Di contro, il greenwashing continua ad essere la regola. Si moltiplicano infatti i casi di aziende che cercano a tutti i costi di mostrare un’immagine ecologista. Anche quando di “green” c’è poco. L’ultimo caso, in ordine di tempo, riguarda il colosso britannico HSBC: secondo quanto indicato dal Financial Times, l’organismo inglese che vigila sulle pubblicità ha avanzato dubbi su due campagne promozionali dell’istituto finanziario. Che potrebbero indurre in errore i consumatori in merito al reale impegno della banca in materia ambientale.

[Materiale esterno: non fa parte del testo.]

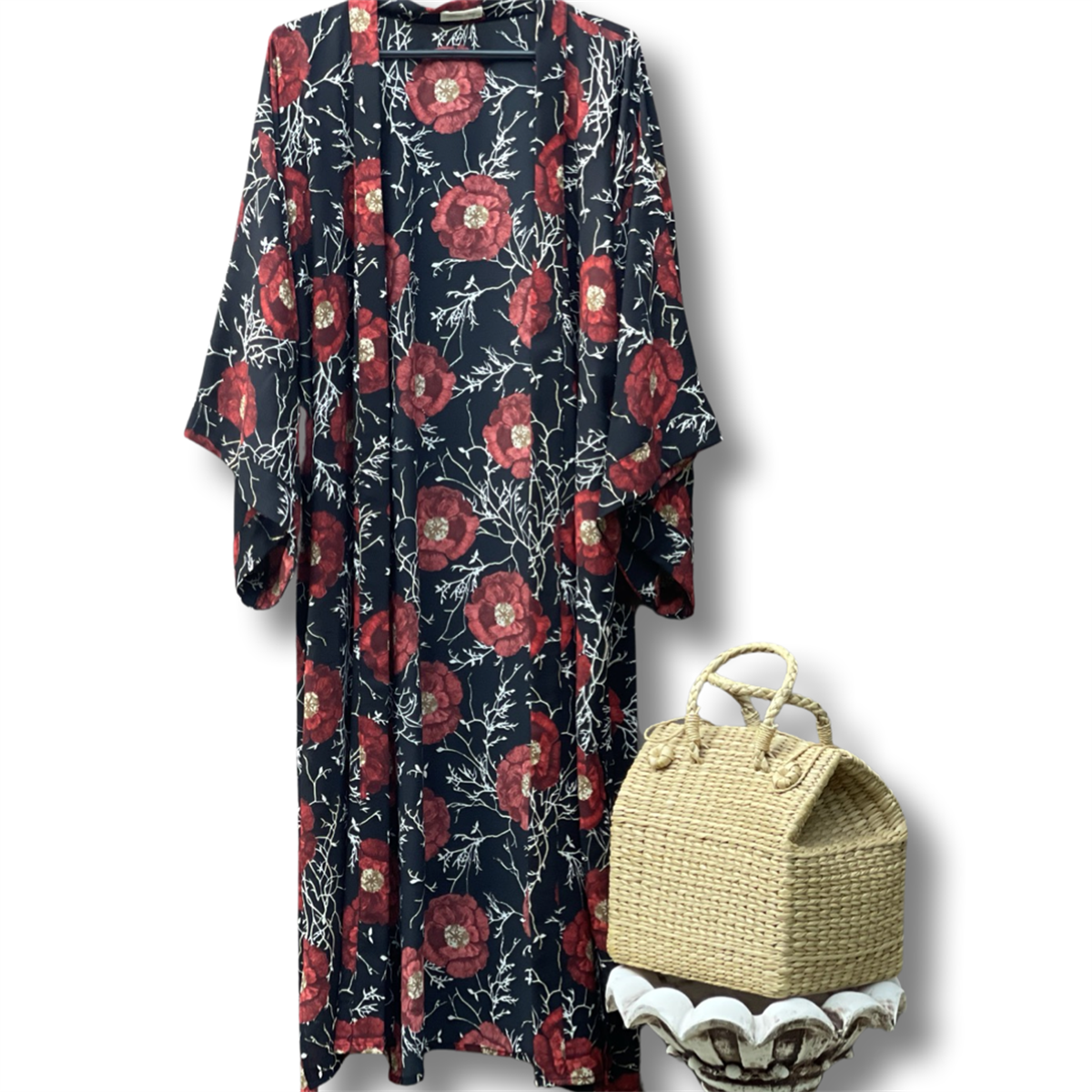 FLORAL KIMONO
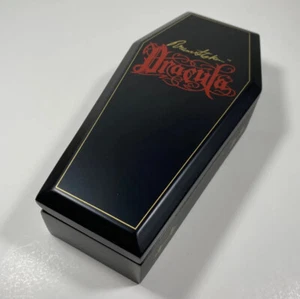 ACME Studio DRACULA Limited Edition Roller Ball Pen Packaged in a Coffin - Picture 1 of 4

E se le banche si rifanno il trucco, le criptovalute puntano sugli influencer. E sui social network. Un’analisi del quotidiano economico francese Les Echos spiega come il mercato mondiale delle monete digitali (19mila cripto, 500 piattaforme di scambio, migliaia di fondi) cerchi di sfruttare le star di Twitter, Facebook, Instagram & co. per espandersi. Il caso più eclatante è rappresentato da Elon Musk, che con i suoi 85 milioni di follower è riuscito a garantire enorme pubblicità al Bitcoin e anche (soprattutto) al “suo” Dogecoin. Ma coinvolti ci sono migliaia di influencer, remunerati in funzione del numero di abbonati ai loro account. Il “tariffario” è stato rivelato su Twitter da ZachXBT, sulla base di dati di un’agenzia di marketing incaricata di promuovere criptovalute, token e investimenti nel comparto. Domanda: questi influencer quanto ne sanno di finanza?

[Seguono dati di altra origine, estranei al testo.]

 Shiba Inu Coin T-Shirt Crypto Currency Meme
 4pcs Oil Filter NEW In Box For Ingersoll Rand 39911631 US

Meno certamente degli esperti di numerose banche, che non a caso si stanno lanciando nel metaverso. Di cosa si tratta? Secondo alcuni, del futuro di internet: uno spazio virtuale, persistente, condiviso e accessibile tramite interazioni tridimensionali. Una sorta di evoluzione del web in un mondo parallelo. Nel quale c’è già chi apre negozi. O filiali, appunto. Standard Chartered ha annunciato l’acquisto di una “parcella digitale” sulla piattaforma The Sandbox. Ciò al fine di «ripensare la relazioni con i clienti attuali e futuri», ha spiegato la direttrice generale della filiale di Hong Kong della banca, Mary Huen. All’inizio dell’anno, la stessa strada era stata percorsa da JPMorgan, attraverso la divisione Onyx dedicata alle criptovalute. La spagnola Caixa ha inaugurato allo stesso modo un caffè virtuale sulla piattaforma di realtà virtuale Decentraland.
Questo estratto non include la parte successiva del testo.